Duvido muito da capacidade central do Estado, ou de um “paraministro”, com maior ou menor equipa de apoio, em definir “sectores de futuro”, em geral e ainda mais nas atuais condições de incerteza. Tenho alguma curiosidade de saber se as “áreas estratégicas” serão definidas com fino detalhe (produzir pás para turbinas eólicas) ou serão definidas de forma ampla (software para cibersegurança, como exemplo).

Há sempre o perigo de se tomarem decisões de curto prazo que são contrárias a um bom desempenho a prazo. A economia portuguesa tem sido capaz de regularmente deitar fora oportunidades de desenvolvimento por se deixar tentar pela fartura imediata de recursos que são colocados à nossa disposição. Desde a integração europeia que tem sido assim, embora olhando para outros passados, o mesmo padrão se vá encontrando (especiarias da india, ouro do Brasil, são os exemplos dos livros de história). 

Ter esta preocupação, a propósito do anúncio do plano de recuperação da economia europeia anunciado pela Comissão Europeia e os seus muitos milhões que irão, provavelmente, chegar a Portugal, é saudável.

Haverá, como já surgiram, as críticas de quem ache que é pouco (sobretudo quem é contra a União Europeia por princípio). Mais do que estar a medir os muitos “mil milhões” de euros que eventualmente cá chegarão, é crucial que essas verbas venham a servir para uma melhoria do funcionamento da economia portuguesa – todos concordarão muito provavelmente com este objetivo. O problema é definir o que significa “melhor funcionamento”, que mecanismos e instituições o garantem melhor. 

A tentação natural portuguesa será o de criar algum novo programa e estrutura de suporte, com inevitáveis candidaturas a projetos avaliados por métodos tais que deixam as diferentes “tribos” sossegadas (sejam empresariais, da política local, da política nacional, etc. – adicionar a “tribo” de que se lembrar à vontade). Sobre esta parte, António Costa e Silva nada disse, provavelmente porque será parte das recomendações que irá fazer e só terá total capacidade de as fazer depois de precisamente falar com ministros e com “tribos” e seus representantes.
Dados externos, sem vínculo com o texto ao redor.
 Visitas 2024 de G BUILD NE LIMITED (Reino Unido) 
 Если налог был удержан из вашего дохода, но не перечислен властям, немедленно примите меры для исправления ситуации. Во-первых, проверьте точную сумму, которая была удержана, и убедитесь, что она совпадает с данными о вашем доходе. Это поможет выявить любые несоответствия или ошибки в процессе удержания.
O espírito que tipicamente se instala é de ver estas verbas como redistribuição e não como instrumento de criação de valor económico e social que seja reprodutivo ao longo de décadas. Como se irá conseguir ter uma perspectiva diferente é um dos desafios.

Não tardaremos a ver as tentativas de aceder a estes fundos dos que têm “ideias de futuro”, dos que têm “indústrias ou serviços severamente afetados pela crise da pandemia”, dos que procuram a “proteção dos trabalhadores e dos seus postos de trabalho”.

A principal oportunidade do programa de relançamento da economia europeia é ser suficientemente grande para levar a pensar e a ter meios para agir de forma diferente.

E como ponto de partida, adoptar novas metodologias.

Temos uma oportunidade para experimentar novas formas de governação para definir a utilização das verbas que serão colocadas à disposição de Portugal, tendo por base uma aspiração europeia.

A nossa história do corrente milénio foi a de que ter fundos (comunitários) e uma visão voltada para dentro, resultou num fraco desenvolvimento do país, e numa crise de que ainda não se estava completamente recuperado, em termos de nova estrutura produtiva de bens e serviços na economia, quando surgiu a COVID-19.